Certain. In my case, as you said, probably not. Whereby I also ask myself: What do you mean by interesting roles? Today, for example, people like to say that you create more complex roles for women than in the past. But if you look around in film history, you will notice that, for example, the roles for women in early Hollywood films, in the time before the "Hays Code", were incredibly exciting and complex and free.

The "Hays Code" was a collection of moral principles to which American production companies had to adhere from 1930 onwards, initially on a voluntary basis and from 1934 onwards.

To believe in the future of cinema, you have to know its history.

Your son and husband run three cinemas in Paris, which mainly show restored films. In France, people are currently very worried about the future of cinema, audience numbers are dwindling dramatically, and we regularly hear that it will soon be over. What do you think?

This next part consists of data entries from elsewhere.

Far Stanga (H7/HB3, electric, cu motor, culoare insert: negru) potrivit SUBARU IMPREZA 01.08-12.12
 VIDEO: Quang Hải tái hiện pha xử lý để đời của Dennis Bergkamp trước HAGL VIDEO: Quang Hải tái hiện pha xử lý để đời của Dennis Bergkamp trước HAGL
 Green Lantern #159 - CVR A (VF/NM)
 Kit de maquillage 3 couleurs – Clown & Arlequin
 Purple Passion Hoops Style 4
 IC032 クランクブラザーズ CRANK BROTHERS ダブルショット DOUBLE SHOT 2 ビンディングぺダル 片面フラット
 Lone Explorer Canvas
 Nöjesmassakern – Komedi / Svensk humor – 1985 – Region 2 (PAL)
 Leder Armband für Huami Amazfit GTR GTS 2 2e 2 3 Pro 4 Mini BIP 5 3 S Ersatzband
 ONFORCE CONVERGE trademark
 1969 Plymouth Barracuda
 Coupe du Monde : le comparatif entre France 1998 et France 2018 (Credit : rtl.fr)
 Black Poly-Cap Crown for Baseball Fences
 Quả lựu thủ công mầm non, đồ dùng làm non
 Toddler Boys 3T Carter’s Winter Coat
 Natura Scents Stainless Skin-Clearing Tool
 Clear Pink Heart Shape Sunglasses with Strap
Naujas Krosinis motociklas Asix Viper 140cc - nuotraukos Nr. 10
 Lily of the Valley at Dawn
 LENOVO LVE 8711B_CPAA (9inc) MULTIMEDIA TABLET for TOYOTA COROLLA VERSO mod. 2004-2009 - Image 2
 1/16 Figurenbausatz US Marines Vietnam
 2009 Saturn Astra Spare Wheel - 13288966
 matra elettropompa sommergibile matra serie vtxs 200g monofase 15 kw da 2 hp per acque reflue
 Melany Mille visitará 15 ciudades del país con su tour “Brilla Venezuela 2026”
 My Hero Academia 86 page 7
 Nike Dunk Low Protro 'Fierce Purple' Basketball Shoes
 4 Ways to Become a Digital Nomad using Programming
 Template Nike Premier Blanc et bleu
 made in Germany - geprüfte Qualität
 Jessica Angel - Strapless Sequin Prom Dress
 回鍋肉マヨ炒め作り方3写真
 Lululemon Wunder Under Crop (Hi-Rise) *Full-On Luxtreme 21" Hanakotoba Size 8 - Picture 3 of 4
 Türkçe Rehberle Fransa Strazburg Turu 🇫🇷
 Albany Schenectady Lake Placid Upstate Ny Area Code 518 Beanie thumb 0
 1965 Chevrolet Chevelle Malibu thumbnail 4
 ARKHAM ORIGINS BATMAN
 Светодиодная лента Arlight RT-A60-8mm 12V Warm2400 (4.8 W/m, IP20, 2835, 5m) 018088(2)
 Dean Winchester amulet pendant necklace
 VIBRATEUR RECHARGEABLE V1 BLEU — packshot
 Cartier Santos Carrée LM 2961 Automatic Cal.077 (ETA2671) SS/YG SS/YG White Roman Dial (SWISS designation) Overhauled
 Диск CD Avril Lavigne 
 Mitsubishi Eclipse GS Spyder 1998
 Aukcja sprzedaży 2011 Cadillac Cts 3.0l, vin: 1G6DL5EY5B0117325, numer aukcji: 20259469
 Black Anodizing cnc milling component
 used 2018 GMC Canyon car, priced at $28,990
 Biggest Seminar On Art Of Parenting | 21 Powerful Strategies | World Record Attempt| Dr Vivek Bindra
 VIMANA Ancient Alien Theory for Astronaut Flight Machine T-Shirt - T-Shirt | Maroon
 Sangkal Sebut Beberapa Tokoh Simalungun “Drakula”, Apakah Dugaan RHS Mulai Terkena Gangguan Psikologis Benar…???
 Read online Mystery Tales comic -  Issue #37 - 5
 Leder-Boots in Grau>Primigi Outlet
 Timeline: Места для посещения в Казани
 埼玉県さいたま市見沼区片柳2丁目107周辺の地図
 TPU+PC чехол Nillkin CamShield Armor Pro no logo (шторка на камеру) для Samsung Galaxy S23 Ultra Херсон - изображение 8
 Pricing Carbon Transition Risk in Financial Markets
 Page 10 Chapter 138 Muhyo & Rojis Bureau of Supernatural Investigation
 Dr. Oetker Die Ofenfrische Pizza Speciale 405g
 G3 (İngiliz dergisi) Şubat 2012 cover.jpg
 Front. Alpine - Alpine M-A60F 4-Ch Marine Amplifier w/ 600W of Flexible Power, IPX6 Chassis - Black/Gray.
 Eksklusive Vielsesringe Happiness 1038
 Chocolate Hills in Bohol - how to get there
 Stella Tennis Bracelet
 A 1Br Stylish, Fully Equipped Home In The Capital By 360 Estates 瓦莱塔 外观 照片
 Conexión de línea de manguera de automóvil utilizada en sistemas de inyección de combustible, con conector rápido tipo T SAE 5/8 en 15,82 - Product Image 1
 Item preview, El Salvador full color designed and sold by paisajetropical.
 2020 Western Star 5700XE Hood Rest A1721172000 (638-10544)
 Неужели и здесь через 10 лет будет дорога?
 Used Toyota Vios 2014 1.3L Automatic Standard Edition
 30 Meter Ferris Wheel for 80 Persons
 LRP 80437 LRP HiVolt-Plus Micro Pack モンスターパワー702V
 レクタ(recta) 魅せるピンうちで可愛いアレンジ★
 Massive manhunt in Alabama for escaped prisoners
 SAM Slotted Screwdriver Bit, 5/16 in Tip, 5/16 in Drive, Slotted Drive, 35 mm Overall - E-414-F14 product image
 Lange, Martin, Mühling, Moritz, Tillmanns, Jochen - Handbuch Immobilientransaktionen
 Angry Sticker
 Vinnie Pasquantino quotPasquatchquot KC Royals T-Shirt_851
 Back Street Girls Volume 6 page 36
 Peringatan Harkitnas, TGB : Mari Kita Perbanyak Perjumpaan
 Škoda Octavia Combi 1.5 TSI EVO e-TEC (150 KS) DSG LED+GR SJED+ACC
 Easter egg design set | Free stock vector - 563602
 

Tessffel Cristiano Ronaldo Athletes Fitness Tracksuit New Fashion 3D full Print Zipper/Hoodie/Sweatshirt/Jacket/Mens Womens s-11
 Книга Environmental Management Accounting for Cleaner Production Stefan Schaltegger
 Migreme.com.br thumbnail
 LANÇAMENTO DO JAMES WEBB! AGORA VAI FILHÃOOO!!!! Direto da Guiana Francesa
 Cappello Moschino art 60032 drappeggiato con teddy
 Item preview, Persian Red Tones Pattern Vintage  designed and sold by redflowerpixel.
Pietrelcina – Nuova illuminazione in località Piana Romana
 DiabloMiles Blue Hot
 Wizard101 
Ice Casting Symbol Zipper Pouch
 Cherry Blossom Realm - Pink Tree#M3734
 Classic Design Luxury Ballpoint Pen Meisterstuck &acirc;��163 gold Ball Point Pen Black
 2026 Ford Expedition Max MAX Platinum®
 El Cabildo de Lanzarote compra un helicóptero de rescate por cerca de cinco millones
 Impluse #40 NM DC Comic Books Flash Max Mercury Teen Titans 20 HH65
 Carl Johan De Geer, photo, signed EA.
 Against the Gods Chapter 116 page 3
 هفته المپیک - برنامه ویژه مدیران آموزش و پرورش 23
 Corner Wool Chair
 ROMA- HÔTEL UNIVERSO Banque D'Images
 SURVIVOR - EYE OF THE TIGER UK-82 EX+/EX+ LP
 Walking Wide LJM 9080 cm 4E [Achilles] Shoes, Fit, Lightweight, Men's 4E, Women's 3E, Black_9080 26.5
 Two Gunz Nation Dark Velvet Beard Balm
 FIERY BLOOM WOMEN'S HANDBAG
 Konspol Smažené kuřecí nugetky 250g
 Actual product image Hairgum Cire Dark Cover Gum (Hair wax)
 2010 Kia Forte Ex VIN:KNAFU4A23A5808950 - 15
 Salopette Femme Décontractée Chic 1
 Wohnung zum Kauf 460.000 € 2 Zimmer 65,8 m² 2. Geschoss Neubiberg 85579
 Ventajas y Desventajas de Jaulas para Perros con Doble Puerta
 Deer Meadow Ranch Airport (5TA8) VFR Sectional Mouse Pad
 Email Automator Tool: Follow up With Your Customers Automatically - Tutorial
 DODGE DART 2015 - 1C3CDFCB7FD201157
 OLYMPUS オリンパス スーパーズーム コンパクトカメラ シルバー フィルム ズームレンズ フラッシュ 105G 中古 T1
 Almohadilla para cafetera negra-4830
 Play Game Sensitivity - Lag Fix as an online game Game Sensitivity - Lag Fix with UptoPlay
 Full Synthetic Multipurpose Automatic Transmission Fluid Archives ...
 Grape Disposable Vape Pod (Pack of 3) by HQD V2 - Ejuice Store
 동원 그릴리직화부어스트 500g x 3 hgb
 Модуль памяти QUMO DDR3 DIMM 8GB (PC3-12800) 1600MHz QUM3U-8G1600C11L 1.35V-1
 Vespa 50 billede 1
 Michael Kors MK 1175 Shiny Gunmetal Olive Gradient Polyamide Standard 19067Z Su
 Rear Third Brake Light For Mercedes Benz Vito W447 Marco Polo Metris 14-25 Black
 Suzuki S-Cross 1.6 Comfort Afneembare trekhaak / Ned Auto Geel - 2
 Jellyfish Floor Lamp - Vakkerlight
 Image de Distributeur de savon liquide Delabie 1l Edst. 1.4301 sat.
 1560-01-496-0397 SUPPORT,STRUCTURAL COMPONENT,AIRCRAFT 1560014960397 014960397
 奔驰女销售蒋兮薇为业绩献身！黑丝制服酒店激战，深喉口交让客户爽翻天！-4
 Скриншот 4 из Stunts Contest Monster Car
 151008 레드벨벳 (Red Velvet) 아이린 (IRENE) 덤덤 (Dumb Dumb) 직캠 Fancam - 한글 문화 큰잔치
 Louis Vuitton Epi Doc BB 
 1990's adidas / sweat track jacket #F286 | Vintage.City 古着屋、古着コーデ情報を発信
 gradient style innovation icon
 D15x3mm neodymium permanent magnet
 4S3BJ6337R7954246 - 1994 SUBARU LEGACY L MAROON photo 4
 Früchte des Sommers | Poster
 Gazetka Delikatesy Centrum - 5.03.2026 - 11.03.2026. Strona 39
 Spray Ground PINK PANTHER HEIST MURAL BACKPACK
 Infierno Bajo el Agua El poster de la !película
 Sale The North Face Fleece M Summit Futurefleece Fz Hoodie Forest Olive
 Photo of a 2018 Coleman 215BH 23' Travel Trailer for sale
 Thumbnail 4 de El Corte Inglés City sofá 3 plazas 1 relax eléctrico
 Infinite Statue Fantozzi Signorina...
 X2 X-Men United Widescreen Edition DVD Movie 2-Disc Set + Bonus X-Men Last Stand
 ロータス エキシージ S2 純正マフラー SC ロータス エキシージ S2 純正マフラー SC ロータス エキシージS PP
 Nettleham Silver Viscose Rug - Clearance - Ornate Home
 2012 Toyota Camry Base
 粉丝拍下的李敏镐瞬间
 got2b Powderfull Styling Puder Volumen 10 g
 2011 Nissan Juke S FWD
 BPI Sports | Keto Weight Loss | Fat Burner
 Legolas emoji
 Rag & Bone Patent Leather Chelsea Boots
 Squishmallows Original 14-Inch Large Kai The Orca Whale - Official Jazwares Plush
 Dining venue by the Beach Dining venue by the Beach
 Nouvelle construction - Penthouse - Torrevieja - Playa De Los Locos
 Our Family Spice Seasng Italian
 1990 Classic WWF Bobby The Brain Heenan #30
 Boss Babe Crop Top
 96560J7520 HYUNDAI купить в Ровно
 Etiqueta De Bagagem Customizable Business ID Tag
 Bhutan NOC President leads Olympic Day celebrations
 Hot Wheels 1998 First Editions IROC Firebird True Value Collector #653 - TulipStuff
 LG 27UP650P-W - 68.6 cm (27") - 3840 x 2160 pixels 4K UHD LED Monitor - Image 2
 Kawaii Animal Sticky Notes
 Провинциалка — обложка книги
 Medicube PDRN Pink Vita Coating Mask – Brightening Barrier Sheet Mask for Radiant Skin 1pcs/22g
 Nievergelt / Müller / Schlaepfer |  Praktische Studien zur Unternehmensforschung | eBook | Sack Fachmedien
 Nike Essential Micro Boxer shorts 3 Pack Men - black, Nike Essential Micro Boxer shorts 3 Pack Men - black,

In our cinemas it is actually doing very well, but it is a special program, a repertoire cinema, in which mainly film classics or at least no completely new films are shown. Overall, however, I do not necessarily want to follow these pessimistic voices. Cinema still has a lot to say.


Isabelle Huppert

Isabelle Huppert is one of the most successful French film and theatre actresses. Her beginnings lie in the seventies, among others with Claude Chabrol, who counted her among his favorite actresses. Later she worked with Werner Schroeter, Michael Haneke, François Ozon and Paul Verhoeven. Huppert has been nominated 16 times for the French film award César, won the award for best actress at the film festivals of Cannes, Venice and Berlin and several times the European Film Award. For her role in "Elle" she was awarded the Golden Globe and nominated for an Oscar. Last year, the Berlinale honoured her with the Golden Bear for her life's work. On March 16, she will be 70 years old.



Styling: Natalie Manchot
Styling assistance: Eva Müller-May, Naomi Safraoui Photo assistance: Paolo Caporetto
Hair: Rudy Martins (Wall Group) Make-up: Morgane Martini
(Wall Group) Manicure: Huberte Cesarion (MFT)


Production: H&K Monique Kouznetzoff
Photographed on October 11, 2022 in Paris Model Toni Garrn Berlin, Baby! Behind the scenes Berlinale Originals!